April 25, 2022
Project #12 in our Centennial Year celebration of our Top 100 Projects is 1958’s Borg Warner Building located along Michigan Avenue, across from the Art Institute, in Chicago.
This modernist 22-story, 350,000 square foot high-rise was a building that helped introduce the International style of architecture to Chicago, and especially Michigan Avenue which was known at the time for its ‘wall of heavy, massive, masonry’ structures. This new ‘International’ style got its name from an architectural exhibit curated by Phillip Johnson at the Museum of Modern Art in New York which featured the work of Gropius, Mies and Corbusier. This ‘international’ style embraced technology, thereby allowing a steel-framed building to reach heights unheard of with masonry structures. These ‘international’ buildings also featured square or rectangular footprints, a simple cubic form, windows running in broken horizontal rows forming a grid and façade 90 degree angles. Borg-Warner was also one of the first buildings in Chicago to employ true curtainwall construction and also the first on Michigan Avenue to break away for the limestone and bronze look, using blue porcelain enamel & glass instead.
Here are some interesting stories from the development and construction of Borg-Warner:
- The building wasn’t developed for Borg-Warner, it was originally a spec building, Borg-Warner was one of the first big tenants to sign up and they wanted the top 5 floors and penthouse, as well as their name on the building.

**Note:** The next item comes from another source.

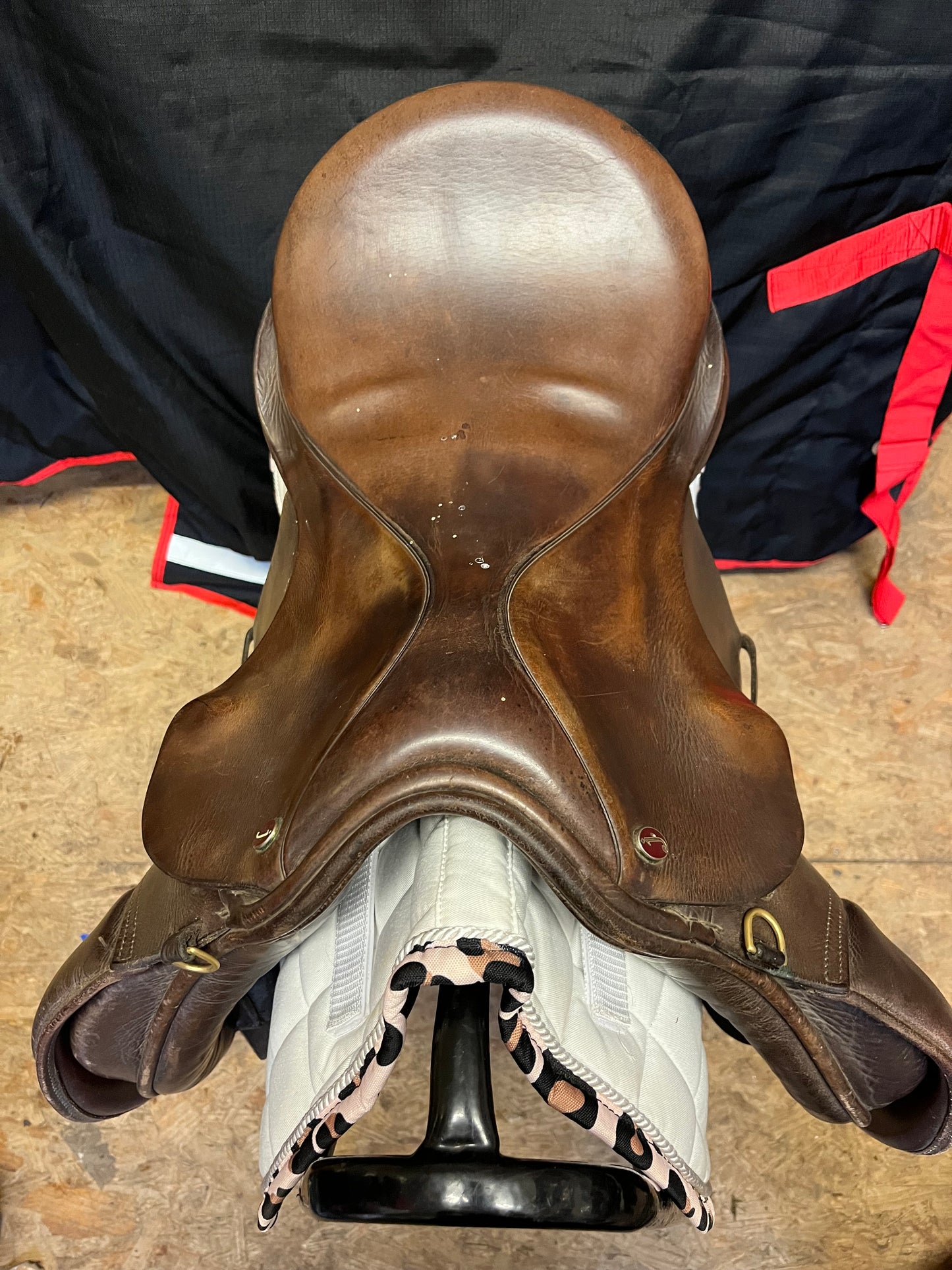 Jeffries -17.5” GP Saddle - Brown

The developers, Collins, Tuttle & Co., gladly took Borg-Warner up on this deal in order to look up nearly 20% of the building.

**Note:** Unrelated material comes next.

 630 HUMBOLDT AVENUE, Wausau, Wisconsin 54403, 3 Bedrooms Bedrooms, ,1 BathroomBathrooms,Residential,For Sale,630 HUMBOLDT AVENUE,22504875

- When drilling the caissons for the buildings foundations an unknown subterranean pond was accidently tapped into. This water needed to be removed and as it was being pumped out so much sand and silt was removed from the area that it had a huge impact on the Orchestra Hall building right next door. So bad in fact, that this pumping caused Orchestra Hall to begin to settle – including an amazing 4 inches in one day. Needless to say this sort of settling was not good and all activities at Orchestra Hall were moved from the building during the 1956-57 season while the settlement problem was fixed. Also – the builders were not too pleased with the large cash ‘settlement’ they had to pay out to Orchestra Hall as well.
- Collins, Tuttle & Co. we so pleased with our work this building that while Borg-Warner was under construction we were hired to design another modernist high-rise at the corners of LaSalle and Jackson. This relationship with Collins lasted well into the 80s as well – culminating with the completion of Chicago’s iconic Smurfit-Stone Container Building in 1984.